Oksana Chusovitina's qualification for the Rio Games extended a staggering career that has seen her represent three different countries over a quarter of a century in a sport dominated by teen prodigies.
Oksana Chusovitina, whose son is as old as many of her rivals for Rio medals, said she does not deprive herself to maintain her muscular 1.50 meter (5 feet) tall, 43 kilogram (95 pound) frame
"I just train and perform because doing so brings me pleasure." Chusovitina told AFP during a break in recent training at the vast Gymnastics Palace in Tashkent.
Oksana Chusovitina started her career competing for the Soviet Union. After it collapsed, she went to the 1992 Olympics in Barcelona for the Confederation of Independent States, a unified team of former Soviet states.
There she scooped gold in the gymnastics team event but she had to wait another 16 years for an individual Olympic medal.

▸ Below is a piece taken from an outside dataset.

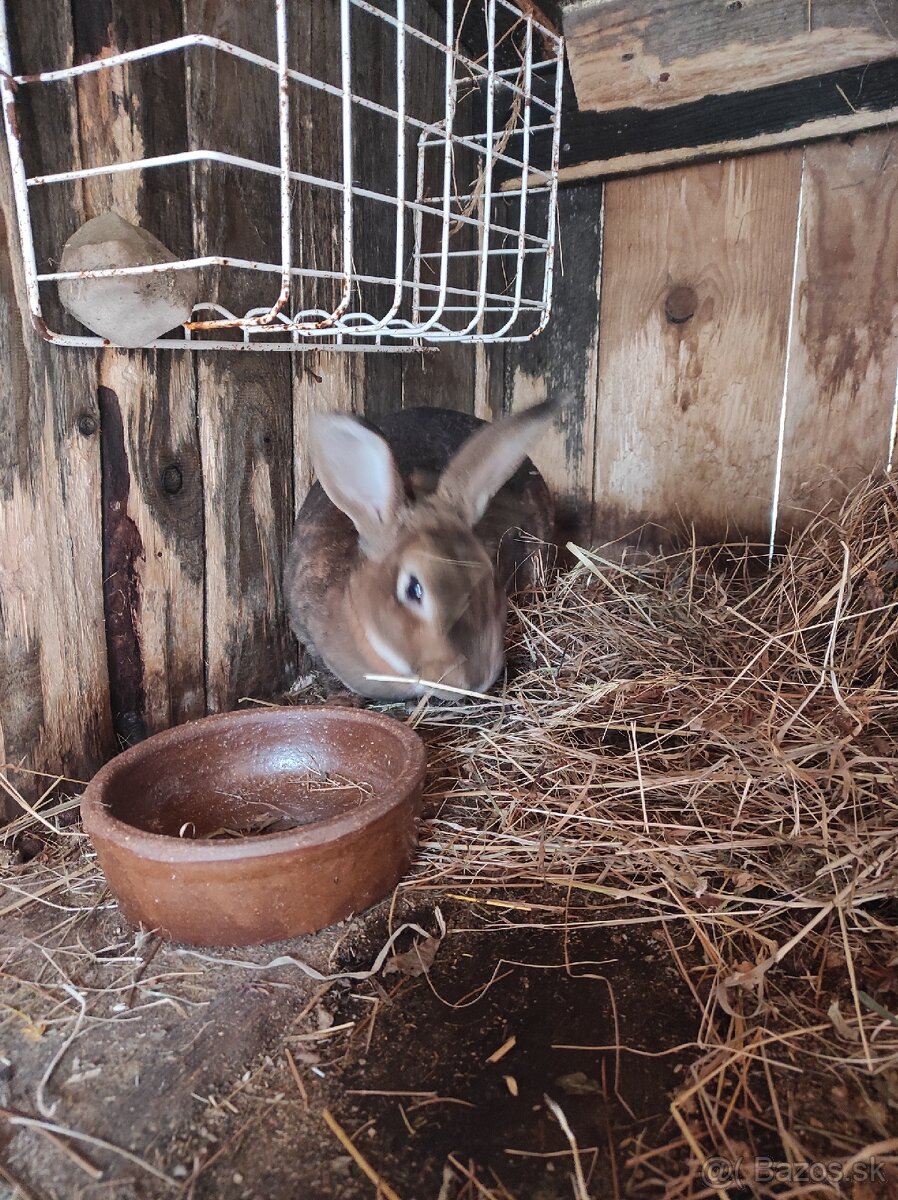 Predám králika - 3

That came when she won silver on the vault in Beijing in 2008. By then Chusovitina was representing Germany, a country she moved to in 2002 to get her son Alisher, born in 1999, successfully treated for leukaemia.
Now she is back representing her Central Asian homeland of Uzbekistan -- a nation of 30 million people where she is so revered she has figured on postage stamps.